Why do we care about next-frame prediction or next-token prediction as pretraining tasks? Because they are simple objectives that require models with very little built-in knowledge to learn how the world works directly from data. Pretraining reduces uncertainty about what comes next in a sequence—whether that’s a frame or a word. As that uncertainty drops, intelligent capabilities begin to emerge.
This is easy to see with language. Given only “=”, next-token prediction is ill-posed. Given “2+3=”, the next token is nearly deterministic. Train a language model on enough of these sequences and the predictions become low-entropy. Some capabilities emerge from scale alone, but others only appear once training sequences are long enough to include the information needed to resolve uncertainty.
Learning not just video, but the actions that shape it
The same logic applies to world models. To predict the next observation, a world model has to infer the underlying state of the world and how that state evolves over time. In practice, the best source for this is large-scale, general video. This pushes the model to learn structure about physics, causality, and persistence.
Learning long horizons and hidden state
This becomes especially clear in long-horizon settings. Imagine someone starts running a bath, leaves the room for several minutes, and then comes back. While the bath is out of view, the water level continues to rise, the temperature changes, and the tub may eventually overflow. To make a sensible prediction when the person returns, the model has to maintain an internal state of the world and reason about how that state evolved while it was unobserved.
There are a few ways we believe to get this behavior. One is to build in explicit mechanisms for memory or state tracking. The other is to train on sequences long enough that remembering and updating hidden state is required to reduce predictive uncertainty. Short sequences don’t force this: if forgetting carries no cost, long-term structure won’t be learned.
If we want world models that learn the world observation-by-observation—and remain coherent over tens of minutes or hours—we need training data and training procedures that span those horizons. We’ve already seen how this plays out in language: extending context length and improving sequence modeling unlocked capabilities that were not apparent at shorter horizons. World models are earlier on the same trajectory. As data, architectures, and training algorithms are pushed to longer temporal scales, we should expect similar step-changes in their ability to represent persistent state, causality, and long-horizon dynamics. This is incredibly exciting.
The limits of hand-crafted simulators
Simulation is about predicting how a system’s state evolves over time, using models, data, or both. In the limit, one could imagine simulating the world from first principles, down to elementary particle interactions. In practice, this is only feasible for very small systems today.
Most real-world simulations today narrow the problem considerably. Specialized, hand-crafted models capture just enough structure to reproduce a particular behavior, while irrelevant detail is ignored or averaged away. This makes simulation tractable, but also constrains each simulator to a specific domain and a fixed set of assumptions. For example, a rigid-body physics engine is not useful for simulating weather.

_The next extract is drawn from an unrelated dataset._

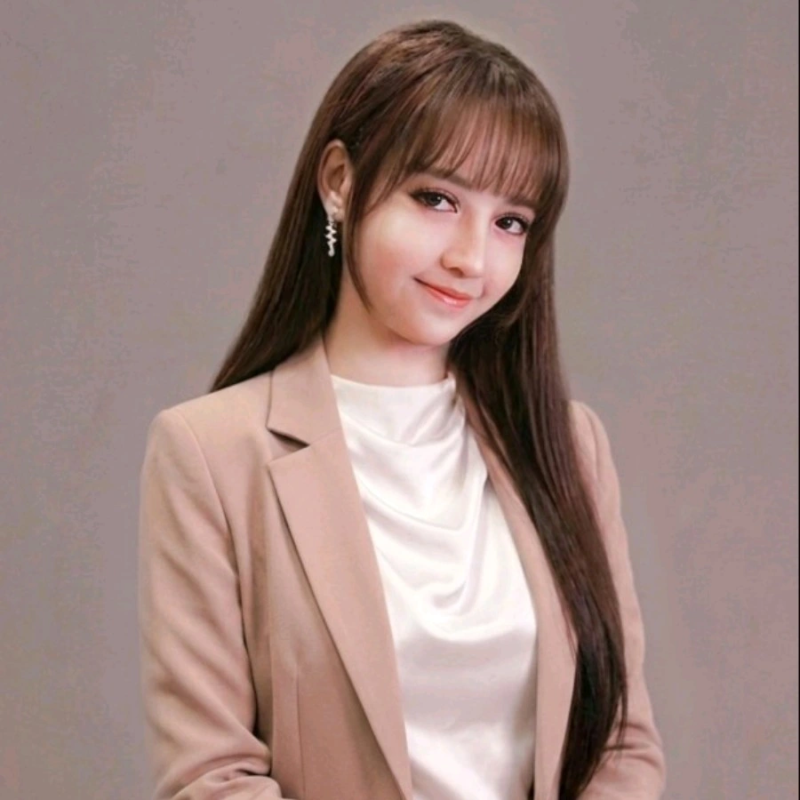 Portrait of Kartika Madania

As systems become more complex, these limitations become more pronounced. Many real-world phenomena are impractical to simulate accurately from explicit rules alone, and building reliable simulators demands significant human effort.
Learning to simulate the world from video
World models approach simulation from a new perspective. Rather than designing a simulator for each domain, we train general-purpose, causal models on large amounts of video and interaction data, and task them with predicting what happens next. Because the data reflects how the world evolves over time, frame-by-frame, the learning problem is inherently causal. Through next-frame prediction, the model learns internal representations of state, dynamics, and interactions without those structures needing to be specified in advance.

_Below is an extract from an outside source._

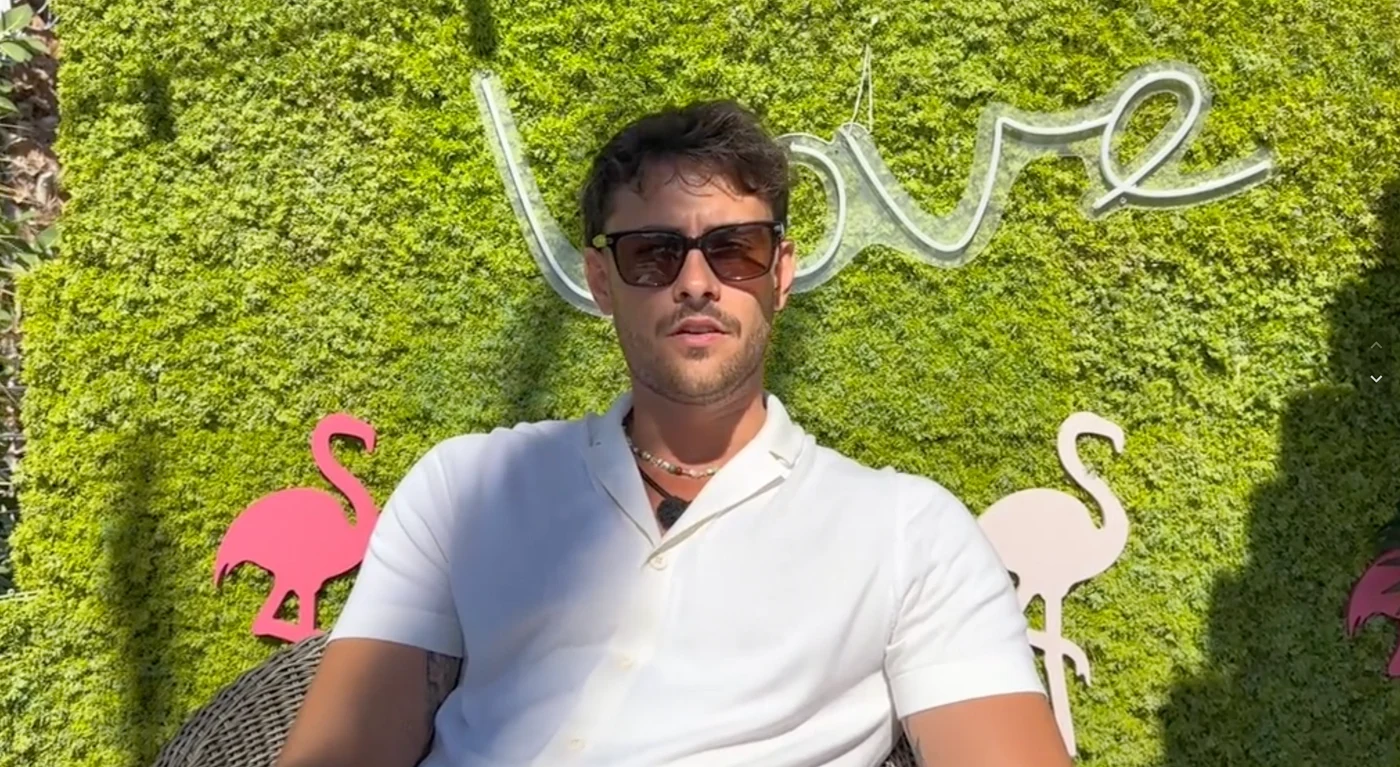 Luis de la Love Island a oferit un interviu exclusiv pentru Actualitate.net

This changes how simulation scales. Traditional simulators fix their level of detail up front and incur increasing cost as fidelity rises. World models operate under a fixed computational budget and learn how to allocate capacity dynamically, focusing on the latent structure that most reduces predictive uncertainty. Over time, this allows a single model to cover a broader range of phenomena with far less manual intervention. Odyssey-2 is an early example of this.